Customs Commissioner Ruffy Biazon on Friday directed all collectors, including Ricardo Belmonte, the younger brother of House Speaker Feliciano Belmonte, and officers in charge of ports and subports in the country to vacate their posts preparatory to reassignment in the first round of a wide-ranging reform in the Bureau of Customs (BOC) following a stinging public rebuke from President Benigno Aquino III in his State of the Nation Address (Sona) on July 22.
Biazon issued a memorandum directing the customs officials to relinquish their current assignments or designation in writing on or before Monday, July 29.
If they do not submit the letter, the bureau will go ahead and carry out the process of review and reassignments, he said.
Biazon said the younger Belmonte, who is the collector of the Manila International Container Terminal (MICT), will also be asked to give up his cushy post.
Belmonte is one of what insiders call the “Three Kings” of the bureau, politically well-connected collectors who head the three Metro Manila revenue districts and reportedly do not want to be removed or reassigned elsewhere—Rogel Gatchalian at the Port of Manila, Carlos So at the Ninoy Aquino International Airport and Belmonte at the MICT.
The three somehow escaped being included in the first major revamp of district collectors undertaken by Biazon early this year despite the revenue districts they headed failing to meet their revenue targets last year and in the first five months of 2013.

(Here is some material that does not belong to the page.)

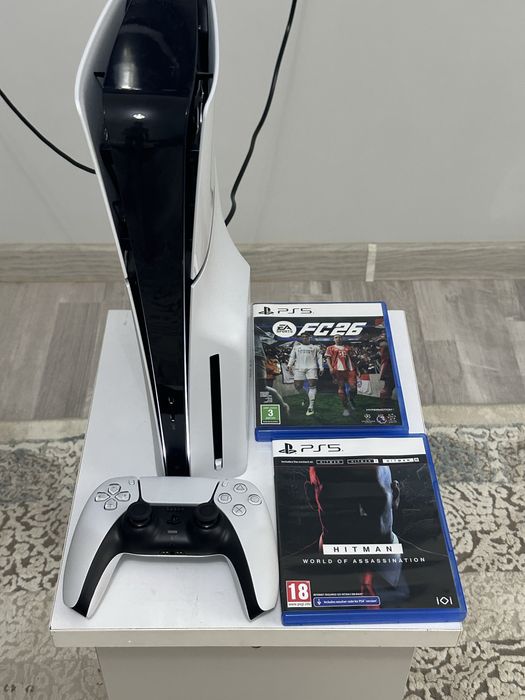 PS5 Slim + FIFA 26 + Hitman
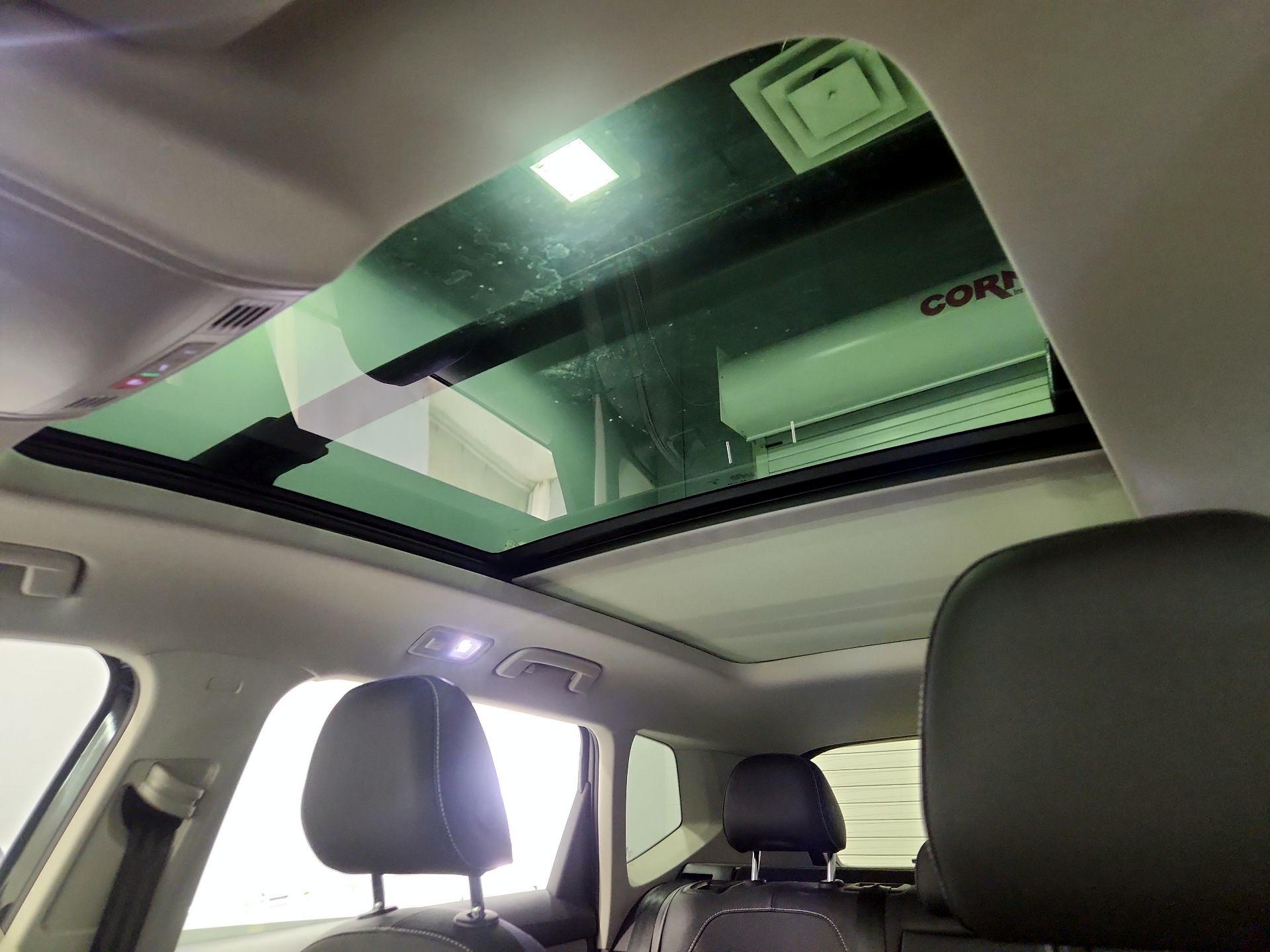 Thumbnail: 2023 Volkswagen Taos - 19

Belmonte is said to be backed by his brother, the Speaker, Gatchalian by Sen. Juan Ponce Enrile and So by the influential Iglesia ni Cristo.
The issue of the notoriously corrupt bureau being under the sway of politically powerful patrons came into the fore after Customs Deputy Commissioner for Intelligence Danilo Lim offered his courtesy resignation following the public scolding at the Sona, but not before denouncing “powerful forces” that he said stymied their job of running the bureau.
While Lim did not name the alleged influence peddlers, various media reports have since floated the names of the House Speaker and Executive Secretary Paquito Ochoa.
Ricardo Belmonte is also rumored as being groomed to replace Biazon as Customs Commissioner.
34 years to make collector?
Belmonte yesterday denied that his stint at the BOC was because of the influence of his brother. He said the Speaker never meddled in his work at the Customs.
“If I am that influential, why would it take me 34 years to be a collector?” he told reporters.
“When I entered the bureau, my brother was not involved in politics yet. I think it’s not my fault that the people voted for him to be a politician,” he said.
Asked to comment about reports that he is being eyed as the next Customs chief, Belmonte said he would be retiring in February.
But when pressed, he said: “Well, if the President offers [the BOC post] to me, how can we say no? But for me to go out and seek for that, I will not do that. With all these troubles, why would I want these kinds of trouble?”
He clarified that he was not even close to President Aquino.
“I have not met him or talked to him personally. He probably knows me because of the name but as far as I’m concerned, I don’t know him personally,” Belmonte said.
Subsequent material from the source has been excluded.